Auf eine entsprechende Entscheidung des Oberlandesgerichts Frankfurt hat der Deutsche Anwaltverein in Berlin hingewiesen. Denn die allgemeine Schulpflicht stelle das Recht auf Bildung sicher und diene als Schutz des Kindes, argumentierten die Richter. In dem verhandelten Fall hatte die von ihrem Ehemann getrennt lebende Mutter ihren schulpflichtigen Sohn über einen Zeitraum von vier Monaten an 37 Tagen nicht zur Schule geschickt. Der Sohn hatte zu diesem Zeitpunkt den Wissensstand eines Sonderschülers der vierten Klasse, obwohl er in die neunte Klasse ging. Schon in den Jahren zuvor war der Junge nur unregelmäßig in der Schule aufgetaucht.
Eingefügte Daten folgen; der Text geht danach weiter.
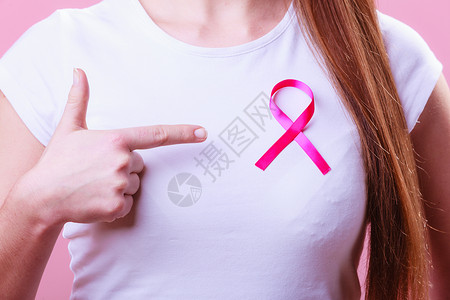 保健医药和乳腺癌认识概念关闭妇女胸前的粉色章丝带以支持乳腺癌的原因关闭妇女胸前的粉色丝带以支持乳腺癌的原因背景图片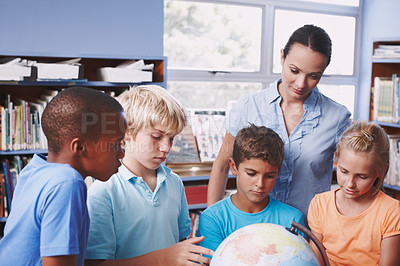 Buy stock photo Education, teacher and kids in classroom, globe and conversation with knowledge, talking and learning. Geography, woman and students in school, children or studying with answer, creative or world map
Die Mutter war deswegen zu Geldstrafen und sogar zu einer Freiheitsstrafe auf Bewährung verurteilt worden. An ihrem Verhalten änderte dies jedoch nichts. Das Gericht verurteilte die Frau nun zu einer sechsmonatigen Freiheitsstrafe ohne Bewährung. Dies entspricht der gesetzlich möglichen Höchststrafe. Es sei die Pflicht der Eltern, dafür zu sorgen, dass ihre Kinder am Schulunterricht teilnehmen können. Die Mutter haben gegen diese Schulpflicht verstoßen. Die Verhängung der Höchststrafe hielten die Richter für gerechtfertigt, da die milderen Strafen zuvor keinen Erfolg gezeigt hatten.